§ Data excerpt:
□ □ □ □

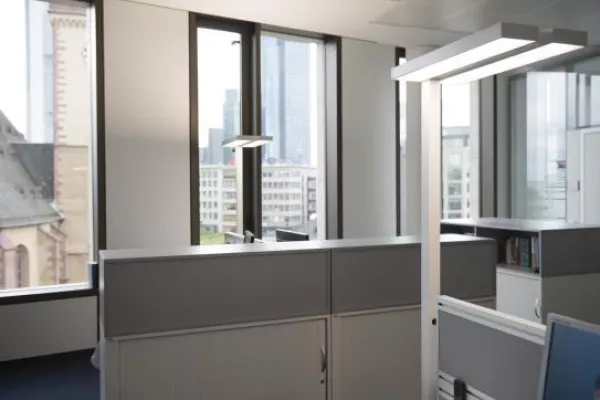 Bild: Klare architektonische Formensprache der KANDEM Stehleuchten in Frankfurter ISBank
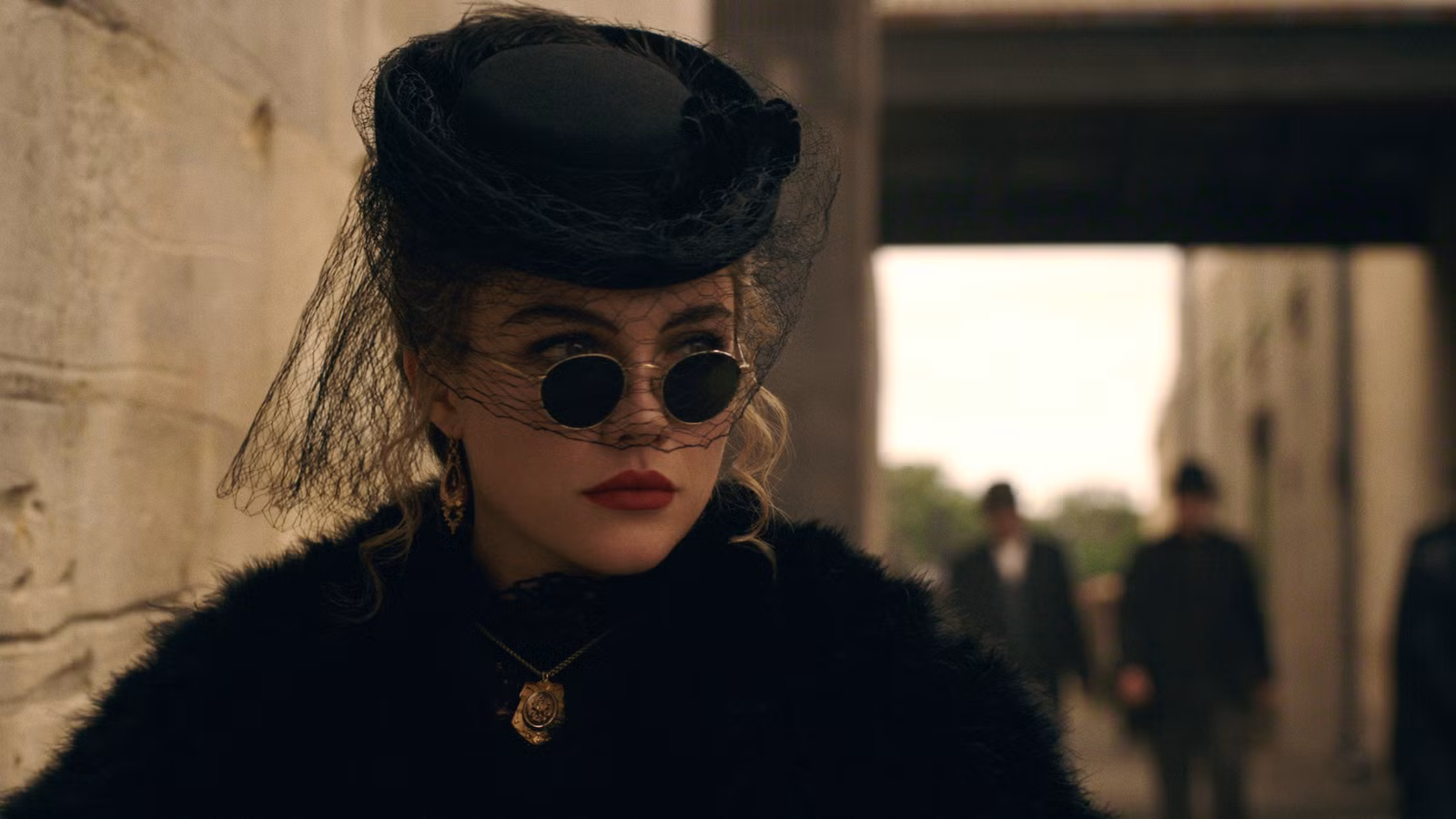 Florence Pugh se transforma en pura maldad en el tráiler de East Of Eden de Netflix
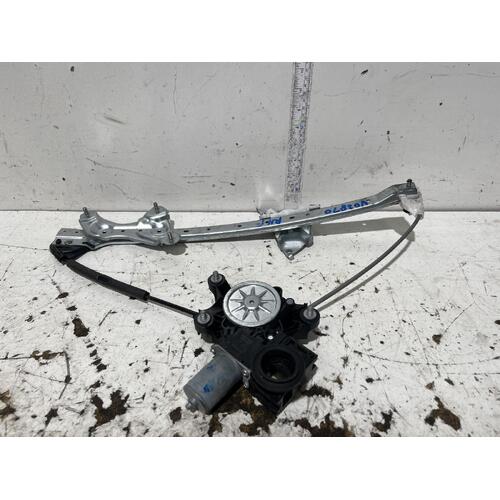 Toyota COROLLA Right Front Window Reg/Motor ZWE211 07/18-2024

□ □ □ □

§ Problem statement: What you return should match the material word for word, apart from the pictures.

§ Answer for the task:
 Bild: Klare architektonische Formensprache der KANDEM Stehleuchten in Frankfurter ISBank
 Florence Pugh se transforma en pura maldad en el tráiler de East Of Eden de Netflix
 Toyota COROLLA Right Front Window Reg/Motor ZWE211 07/18-2024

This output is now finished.